= Carl Helfrich =

Carl Helfrich (13 August 1906 – 31 May 1960) was a German journalist and resistance fighter.

In the mid-1920s, Helfrich studied in Heidelberg University, where he belonged to liberal and socialist student circles. He studied physics, but soon turned to philosophy and received his doctorate in 1935 under the Catholic moral philosopher Theodor Steinbüchel in Giessen. In 1936, he began his journalistic career in Frankfurt.

In the autumn of 1939, he met Ilse Stöbe, with whom he began a relationship. Through Stöbe's mediation, he obtained a position in the Information Department of the Foreign Office, where Rudolf von Scheliha, was head of the division. On September 12, 1942, he was arrested along with Stöbe. Helfrich was not indicted by the Reichskriegsgericht, but was deported to the Sachsenhausen and then Mauthausen concentration camps. In his will, he inherited Ilse Stöbe's assets, which had been confiscated by the court, consisting primarily of real estate and shares in newspapers and publishing houses in Switzerland.

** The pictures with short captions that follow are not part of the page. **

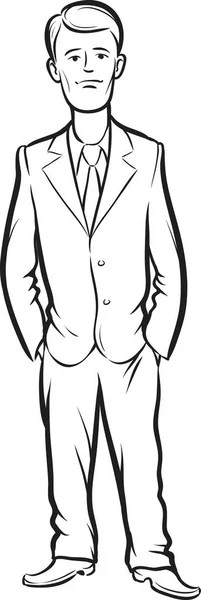 ホワイト ボード描画 漫画立っているビジネスマン — ストックベクタ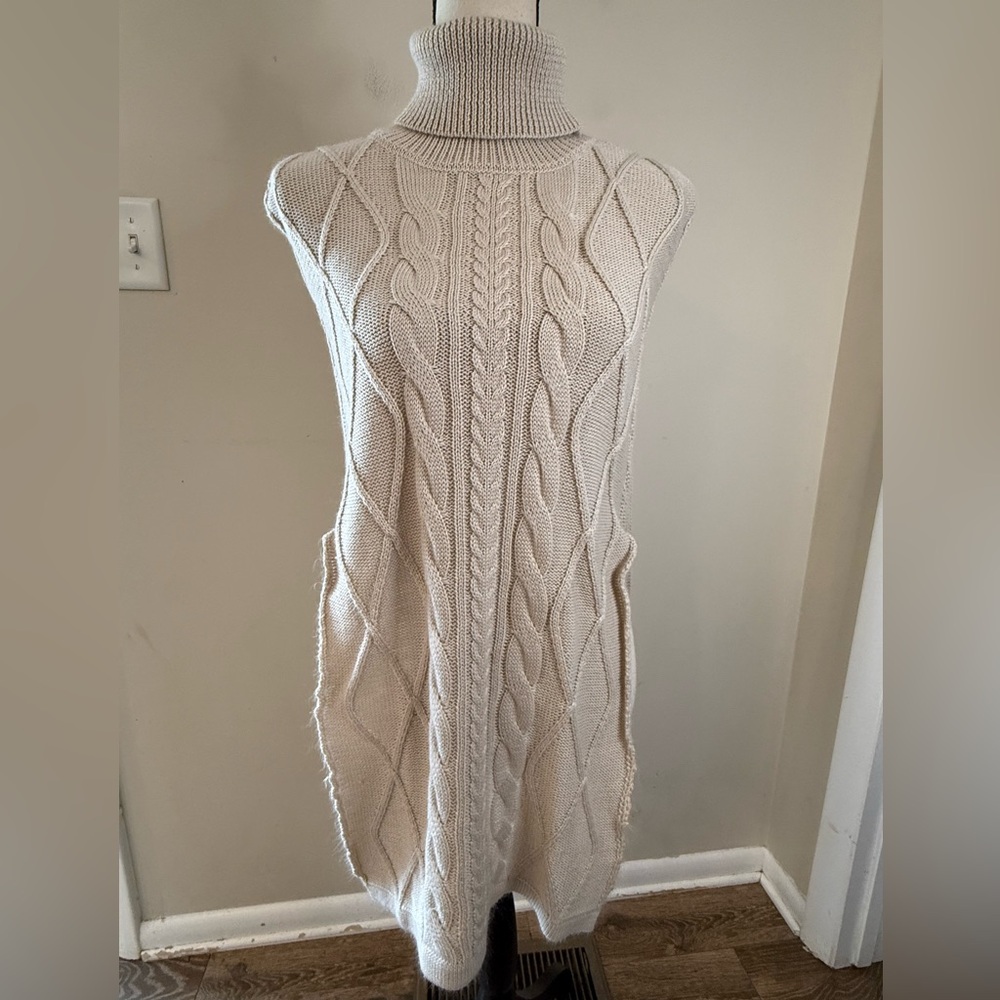 Beige tan chunky cable knit poncho sweater cape shawl SZ S/M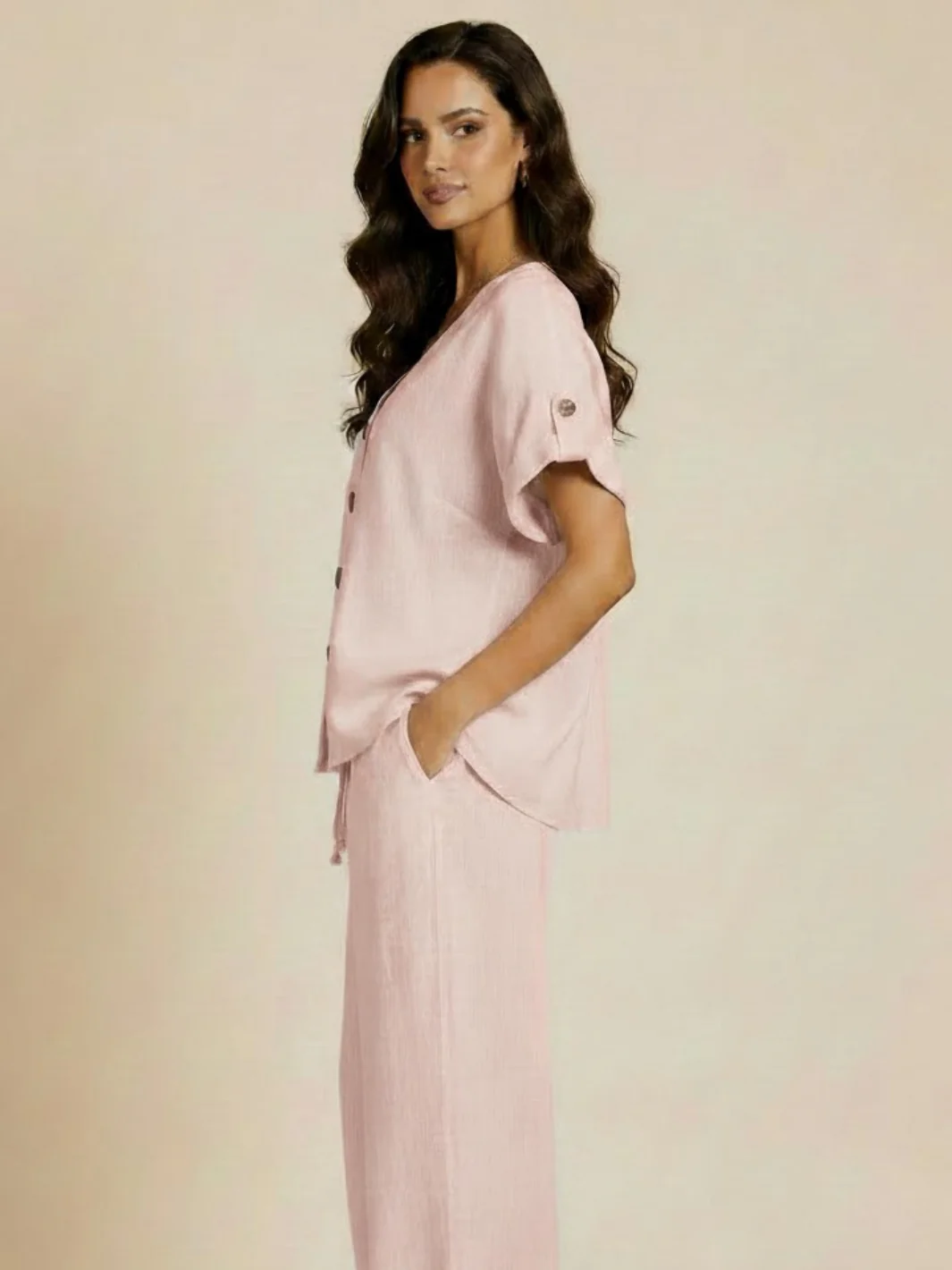 Lil Jen Noah Linen Top In Light Pink - Image 3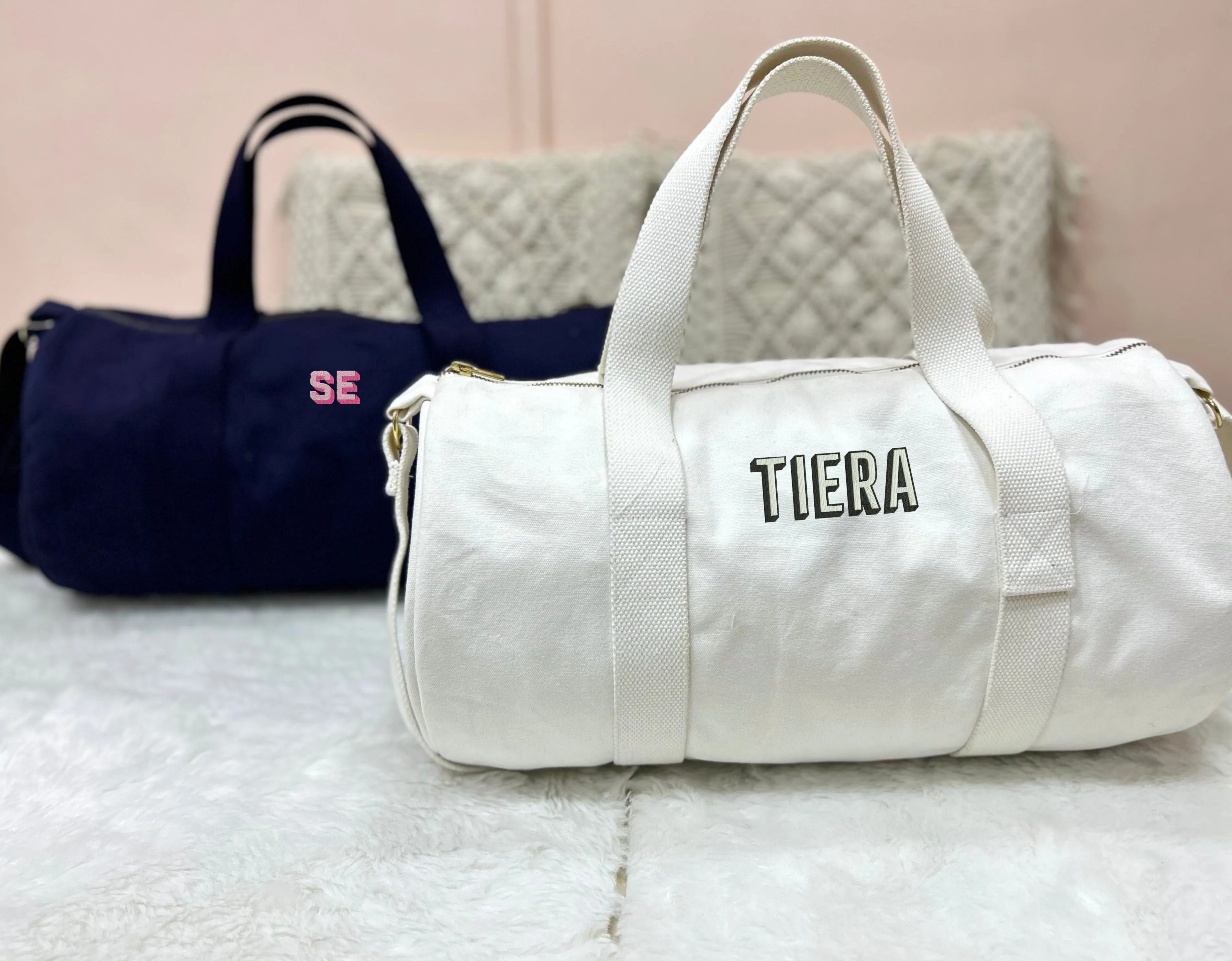 Personalised Duffle Bag with Shadow Font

After liberation from the Mauthausen concentration camp, he returned to Berlin in 1945. From November 12, 1945, he became editor-in-chief of the first Berlin evening newspaper after the end of the war, Der Kurier, which was published three times a week. He became a member a of the Socialist Unity Party and became editor of the Association of Persecutees of the Nazi Regime's main organ Unser Appell (later named Die Tat).

In the 1952, he left the GDR for the West, where he became deputy editor-in-chief of Hessischer Rundfunk. In the Federal Republic, he was monitored by the Federal Office for the Protection of the Constitution. He died of lung cancer on May 31, 1960.